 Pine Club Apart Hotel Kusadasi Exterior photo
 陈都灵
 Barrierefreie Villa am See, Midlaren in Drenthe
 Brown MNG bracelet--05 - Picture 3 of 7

---

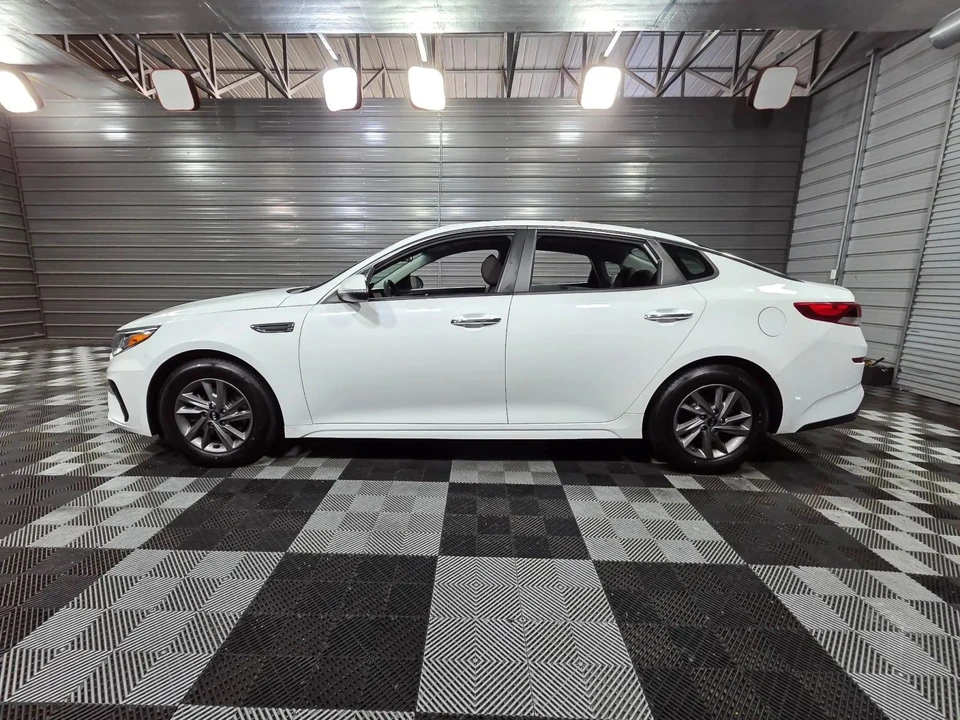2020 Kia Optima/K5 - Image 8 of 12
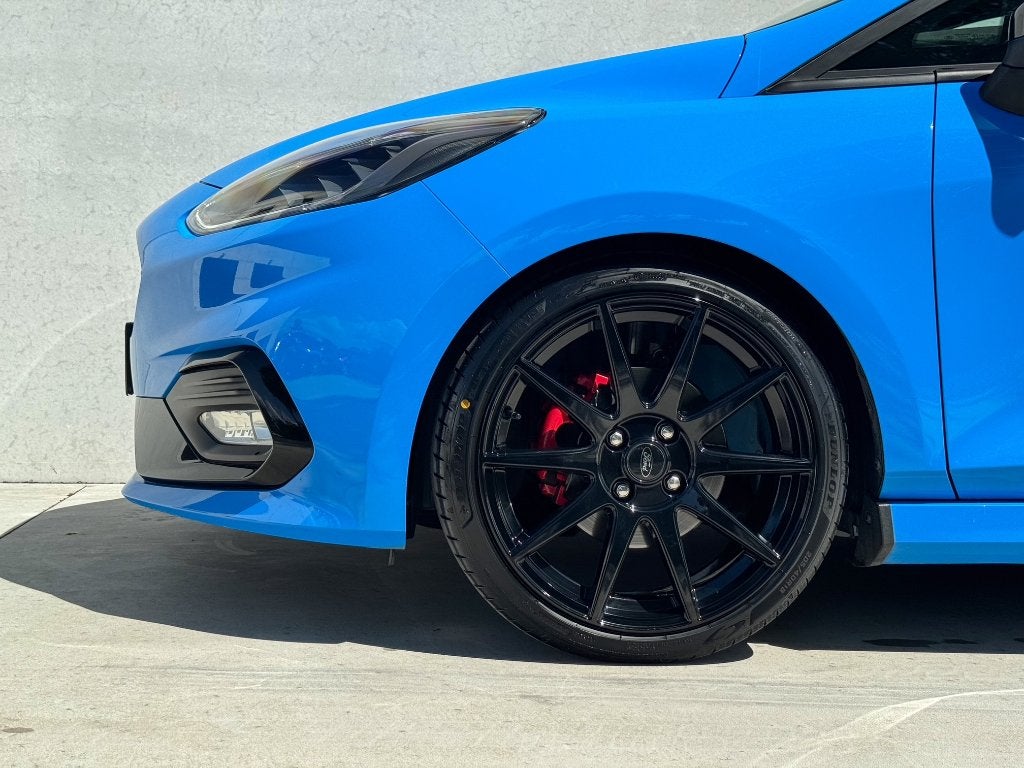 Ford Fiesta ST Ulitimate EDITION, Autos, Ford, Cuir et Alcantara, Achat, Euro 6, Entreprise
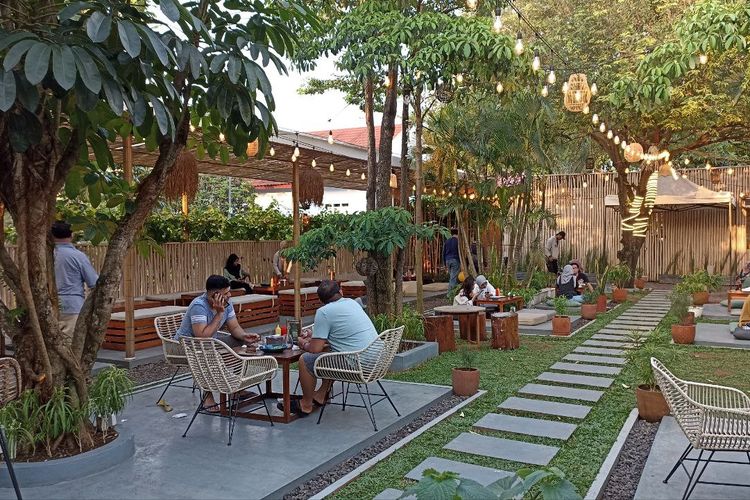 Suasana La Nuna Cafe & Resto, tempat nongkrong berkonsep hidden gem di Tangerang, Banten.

* * *

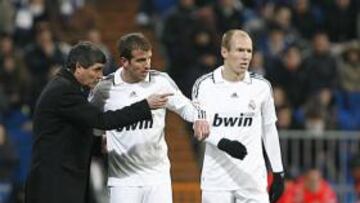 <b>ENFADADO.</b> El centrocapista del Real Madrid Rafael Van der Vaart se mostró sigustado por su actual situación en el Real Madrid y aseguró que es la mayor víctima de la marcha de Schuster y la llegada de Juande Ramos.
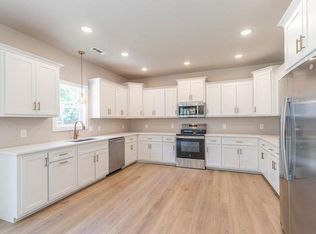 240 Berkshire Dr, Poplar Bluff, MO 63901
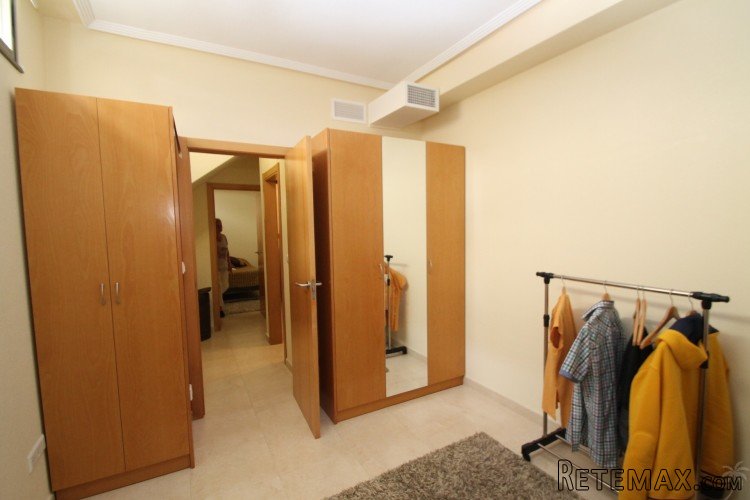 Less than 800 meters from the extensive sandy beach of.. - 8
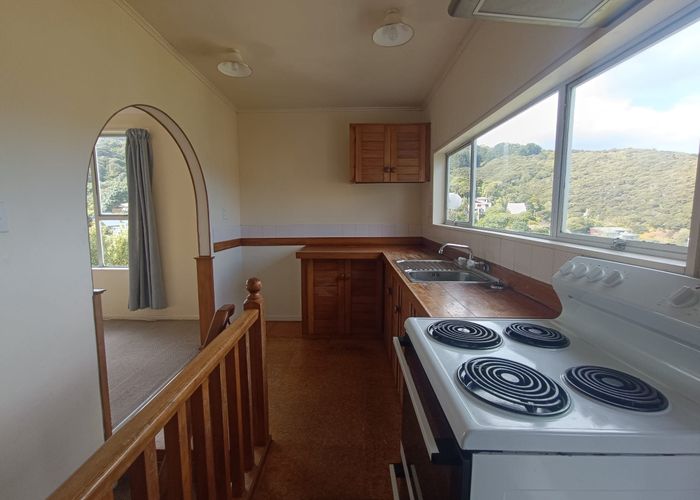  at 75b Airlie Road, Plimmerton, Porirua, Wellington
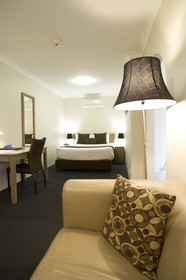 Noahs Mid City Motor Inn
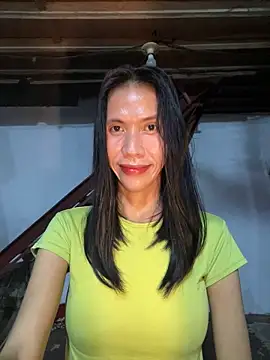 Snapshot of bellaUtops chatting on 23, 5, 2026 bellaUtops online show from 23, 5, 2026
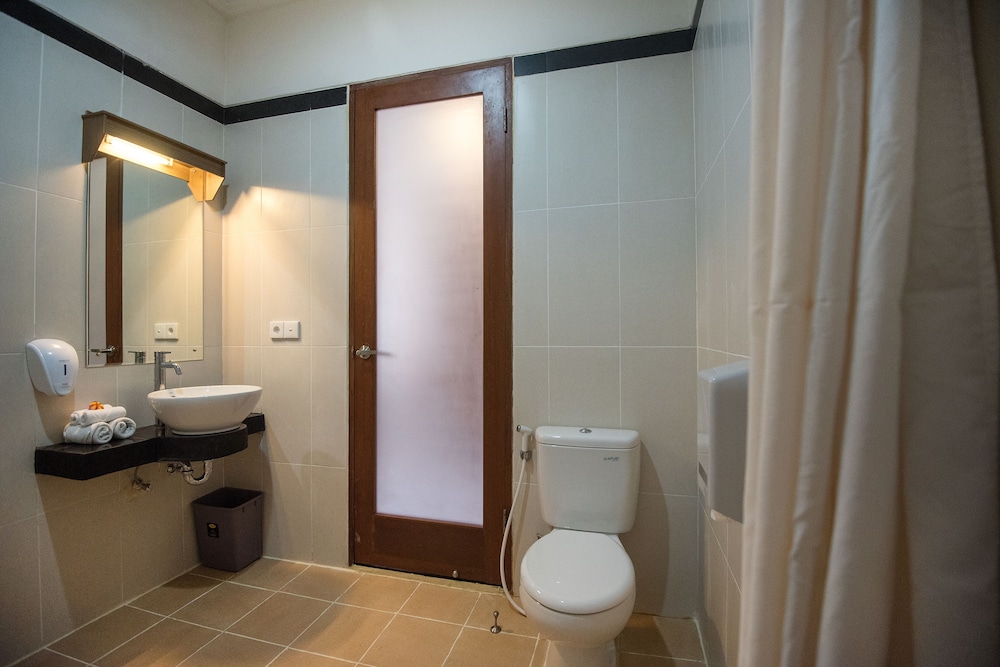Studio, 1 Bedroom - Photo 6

**What this task involves:** Retype, exactly and in full, the lines above from the one containing "Pine Club Apart" through the one containing "Brown MNG bracelet--05 - Picture 3 of 7".

**The answer:**
 Pine Club Apart Hotel Kusadasi Exterior photo
 陈都灵
 Barrierefreie Villa am See, Midlaren in Drenthe
 Brown MNG bracelet--05 - Picture 3 of 7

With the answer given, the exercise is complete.